Task directions:
Look for the line containing "Premier Inn Heathrow Airport Terminal 5" and the line containing "基林福特胡德附近的品质酒店(Quality Inn Killeen" in the entries below. Copy those two and all lines between them exactly, leaving out pictures.

The data:
* * * *
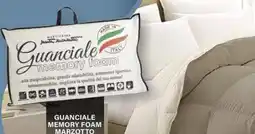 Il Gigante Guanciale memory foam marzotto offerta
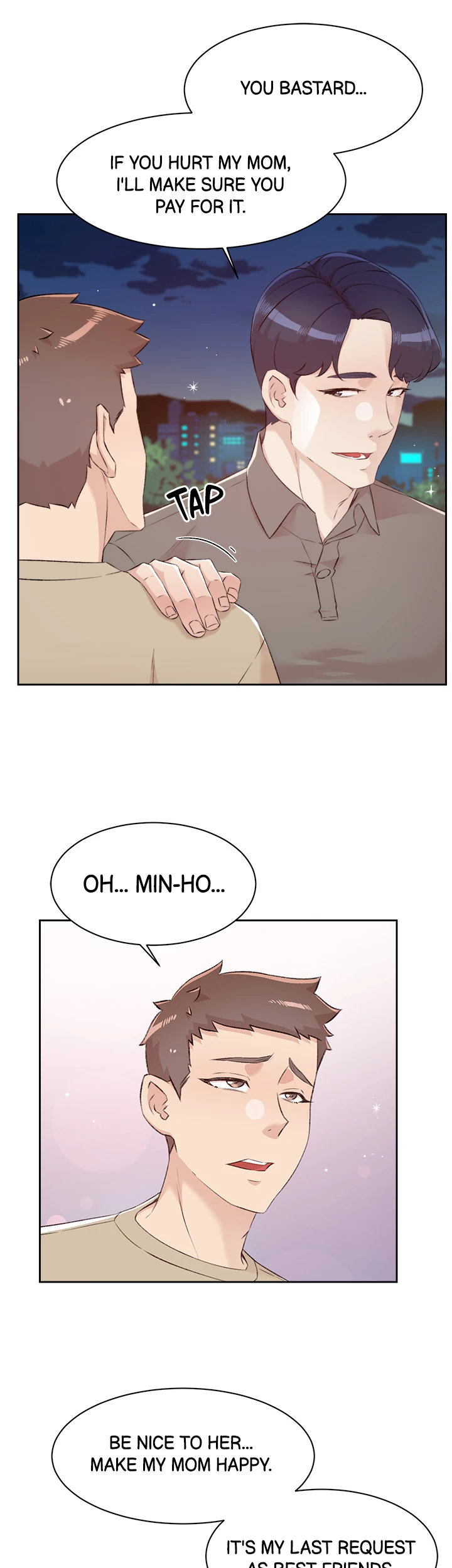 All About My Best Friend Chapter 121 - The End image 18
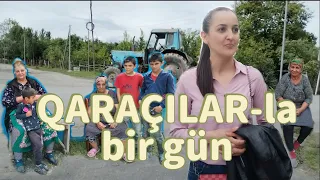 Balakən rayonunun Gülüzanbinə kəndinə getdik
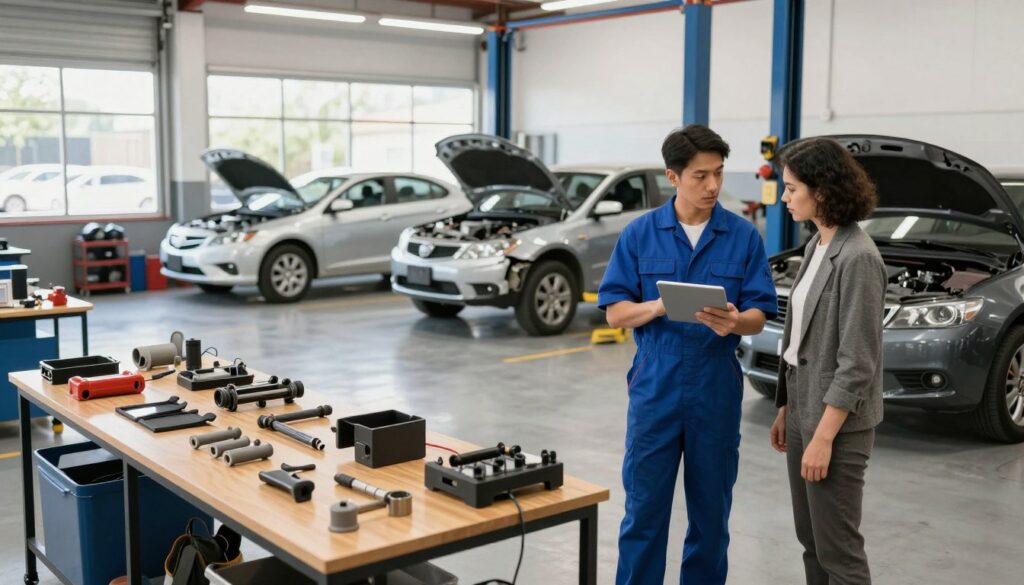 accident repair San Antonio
* * * *
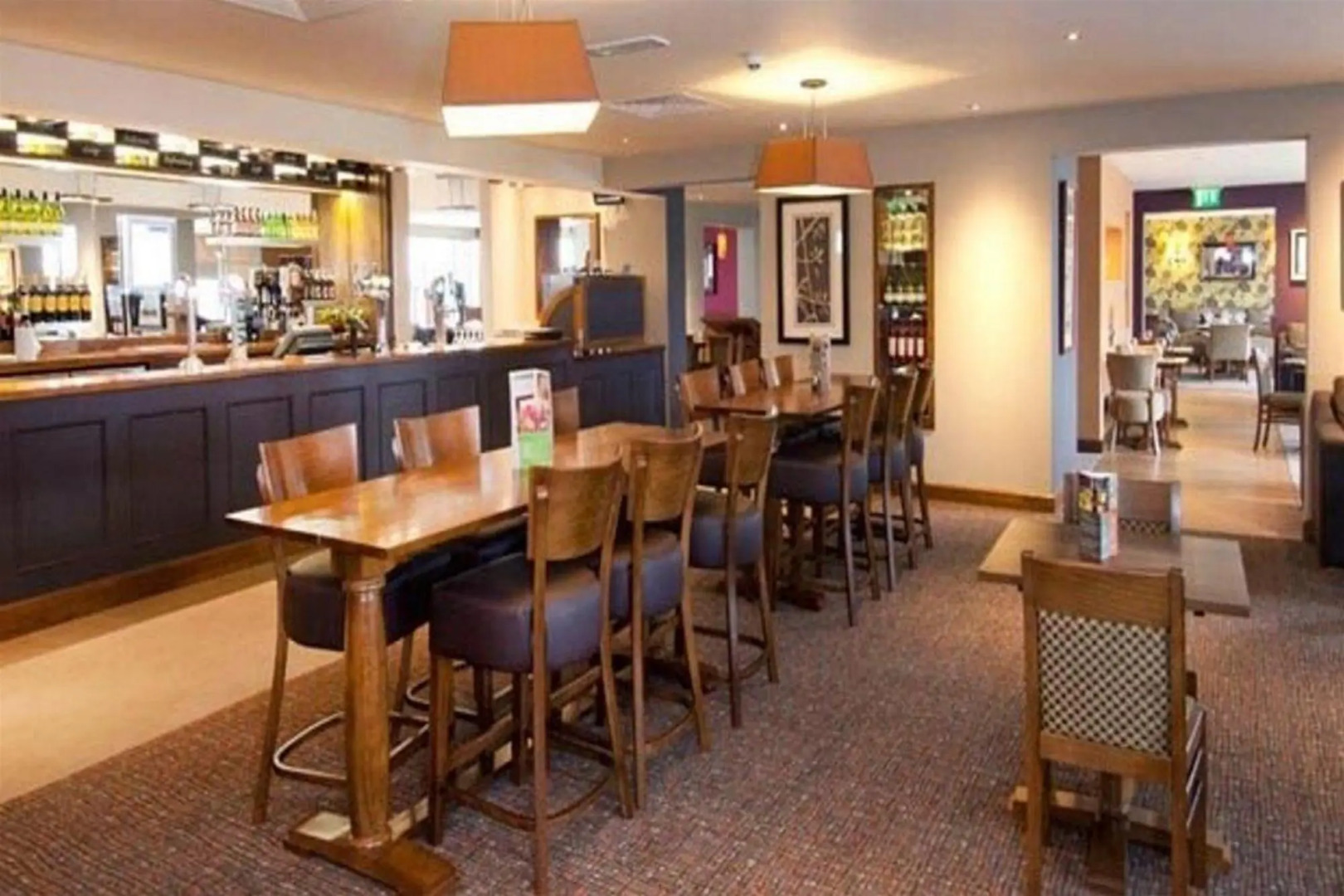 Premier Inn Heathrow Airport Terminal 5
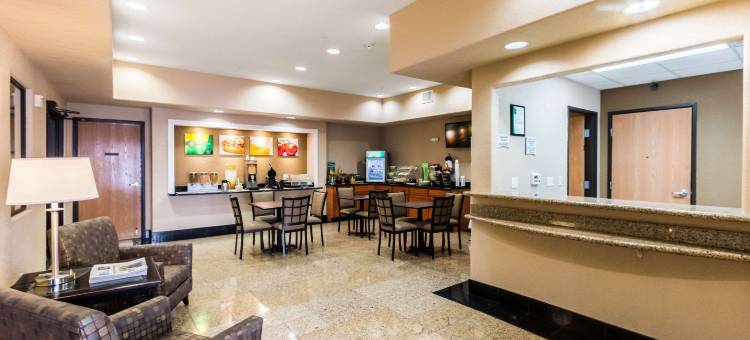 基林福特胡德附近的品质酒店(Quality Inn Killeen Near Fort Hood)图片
* * * *
Response for this exercise:
 Premier Inn Heathrow Airport Terminal 5
 基林福特胡德附近的品质酒店(Quality Inn Killeen Near Fort Hood)图片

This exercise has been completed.